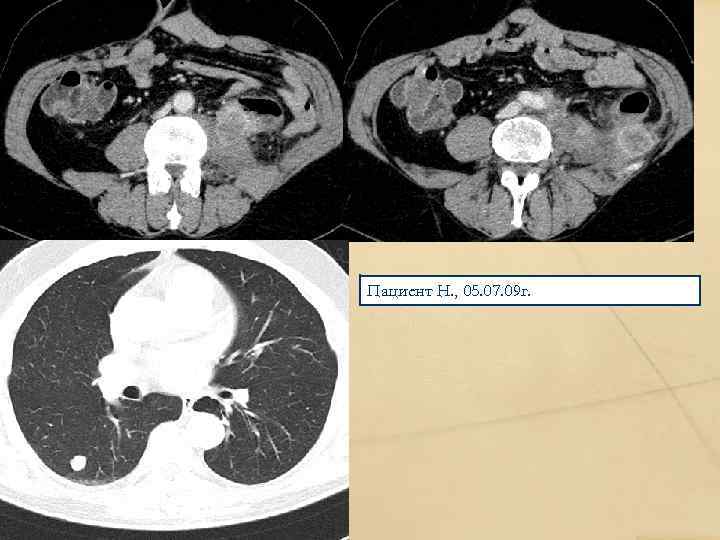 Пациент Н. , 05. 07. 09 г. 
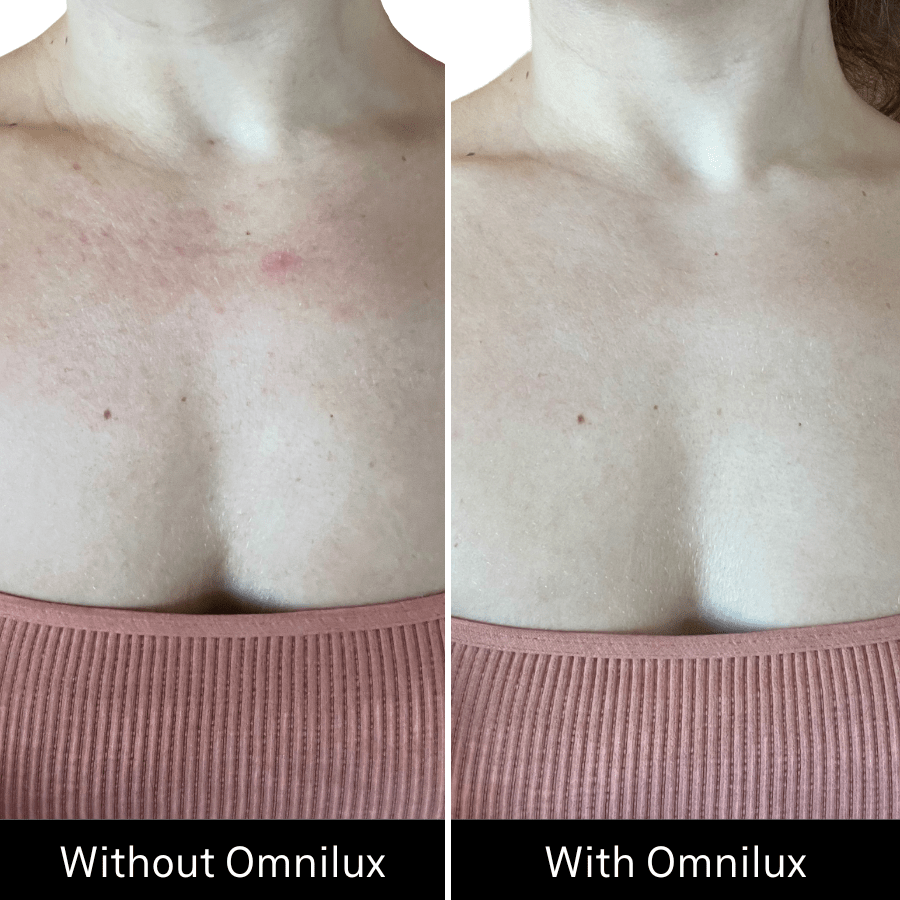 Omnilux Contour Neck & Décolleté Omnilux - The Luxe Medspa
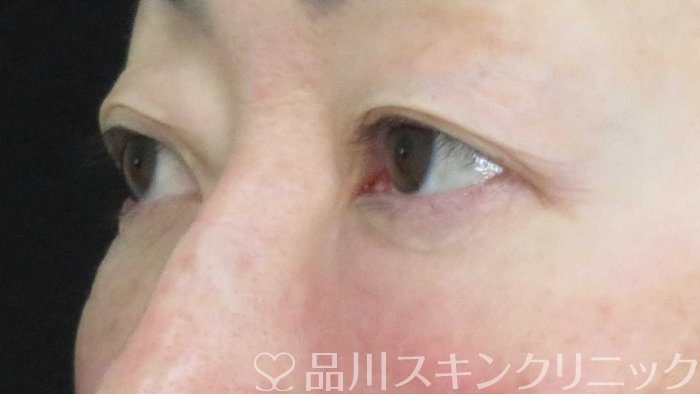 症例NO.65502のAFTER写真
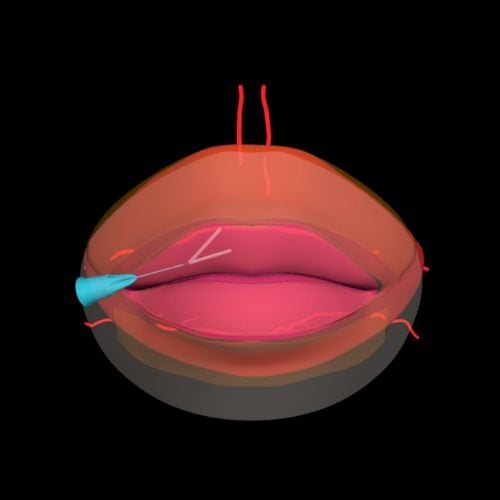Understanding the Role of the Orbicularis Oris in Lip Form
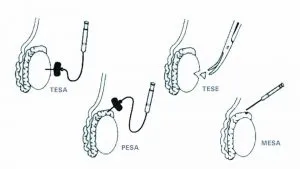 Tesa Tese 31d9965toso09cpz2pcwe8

═══

Each entry above is to be duplicated exactly, and its pictures omitted.

 Пациент Н. , 05. 07. 09 г. 
 Omnilux Contour Neck & Décolleté Omnilux - The Luxe Medspa
 症例NO.65502のAFTER写真
Understanding the Role of the Orbicularis Oris in Lip Form
 Tesa Tese 31d9965toso09cpz2pcwe8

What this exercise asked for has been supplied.